House upholds prohibition on gun research

House lawmakers denied an effort to repeal a 19-year-old prohibition on gun research on the same day that a leading gun control proponent doubted anything will get done on the issue.

The House Appropriations Committee voted 32-19 Wednesday largely along party lines to shoot down an amendment on funding gun research in a spending bill. A majority of Democrats have argued that research won’t impinge gun-owner rights but Republicans were not so sure.

The vote comes a week after the racially-motivated shooting deaths of nine people in Charleston, S.C.

In 1996, the House prohibited the Centers for Disease Control and Prevention from funding any types of gun research. The prohibition was to prevent any activities such as data collection for current and future research that could be used to take away guns or ammunition or create a list of gun owners.

A House appropriations bill for the CDC and other government agencies upheld the prohibition, and Democrats unsuccessfully tried to remove it.

Democrats on the panel said there is no harm in performing research.

They noted that the amendment is not about creating a registry of gun owners or confiscating firearms.

“This amendment is about research and nothing more,” said Nita Lowey, D-N.Y., the amendment’s sponsor.

Most Democrats said the research would help to “prevent violence while still protecting the rights of gun owners,” according to Rep. David E. Price, D-N.C.

The CDC could do research on helpful topics such as how to properly store a gun, Democrats on the panel said.

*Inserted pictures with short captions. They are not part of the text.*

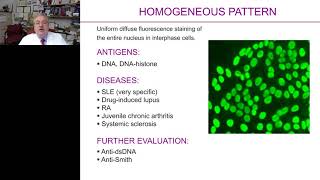 Antinuclear antibody screening  Making an informed decision [upl. by Nerehs]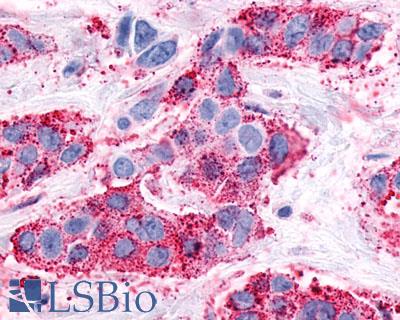 NPFFR1 / GPR147 Antibody - Breast, Carcinoma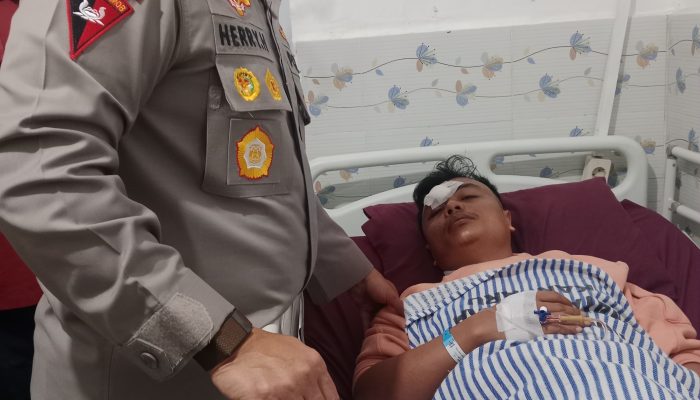 Kapolda Riau Jenguk Korban Pengeroyokan, Tegaskan Kasus Diusut Tuntas Tanpa Pandang Bulu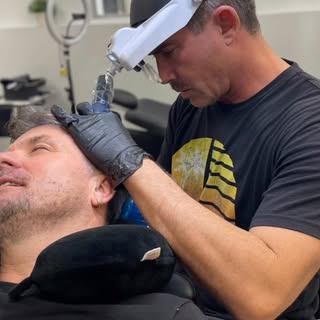 Hair density fill with scalp micro pigmentation- client today. For thinning hair ..

#smp #la #santa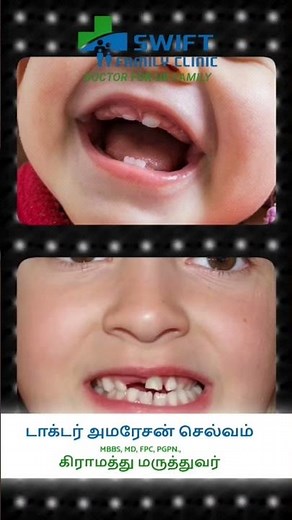 Baby Grinding Teeth at Night | Should Parents Worry? Causes & Solutions Explained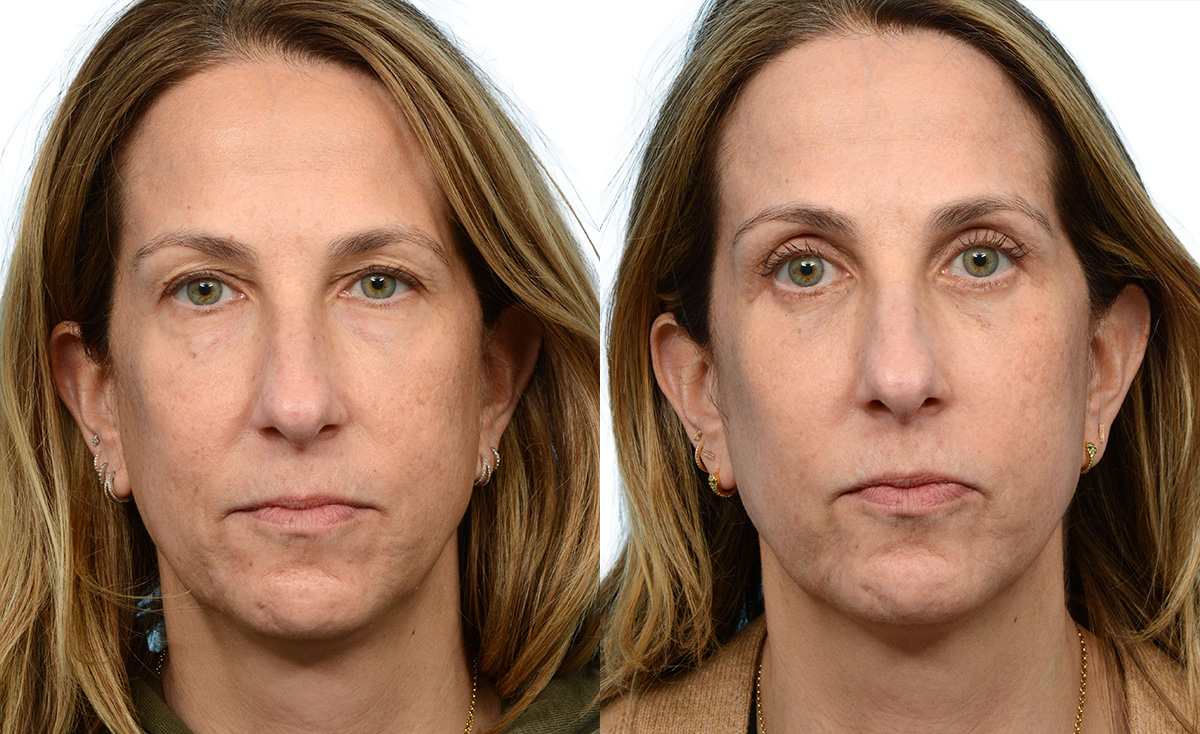Blepharoplasty (Eyelid Surgery) Before & After Gallery - Patient 379998 - Image 1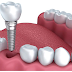 Trồng Răng Implant: Sự Thay Thế Hoàn Hảo Cho Hàm Tháo Lắp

But Republicans on the panel were not swayed.

“This prohibition has been in this bill since 1996. It is striking to me that neither side, and they have both been in the majority, has seen fit to repeal it,” said Rep. Tom Cole, R-Okla. “We don’t think this place is the appropriate place for a debate over the Second Amendment.”

The measure looks to be one of the few, if any, gun provisions considered by Congress this session. Gun-control advocate Sen. Pat Toomey, R-Pa., said Wednesday on MSNBC that there aren’t any votes planned in the Senate for expanding background checks.